Well, one thing we can do is check it against other data sources. There are many different methods for calculating fatality rate, and we checked the accuracy of our method against several others. BLS publishes workplace fatality rates using a method that incorporates the number of hours worked, which means it accounts for overtime and part-time workers. (The hours-worked data isn’t consistently available at the state-level, so we couldn’t use it to calculate state-level rates.) And NIOSH calculates national oil and gas fatality rates using QCEW data. Here are the national oil and gas workplace fatality rates in 2012 calculated three different ways – using QCEW employment data, using CBP employment data, and using BLS’s method (which looks at worker hours and doesn’t include NAICS 213113 and 213112): 25.2, 28.2, and 25.1 per 100,000 workers. Using the method we used to calculate state-level fatality rates (a two-year average for 2011 and 2012), the rate is 27.1 deaths per 100,000 workers. It turns out, at the national level, at least, calculating the fatality rate for oil and gas using different methods and different worker counts yields pretty similar results.

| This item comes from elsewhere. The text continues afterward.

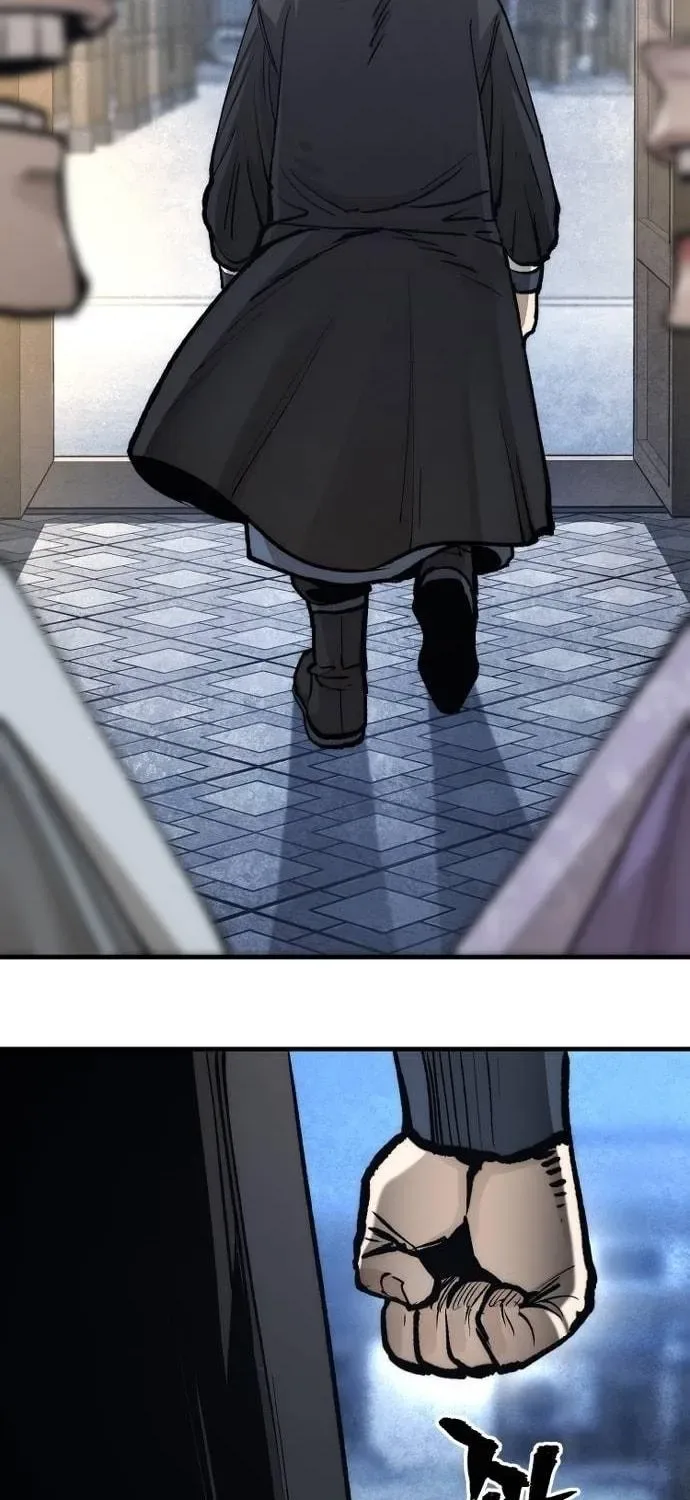 Murim RPG Simulation Chapter 132 page 143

As we get more data – for example, when BLS releases the 2013 state workplace fatality counts, and the Census Bureau releases the 2013 employee counts – we’ll update the fatality rate to make it as accurate as possible.
As journalists, Inside Energy’s goal with doing this kind of analysis is to use data to figure out what questions to ask and what issues deserve attention. In this case, our analysis allowed reporter Emily Guerin to ask the governor of North Dakota why the state had an oil and gas fatality rate that was three times the national average. He responded: Let’s study it.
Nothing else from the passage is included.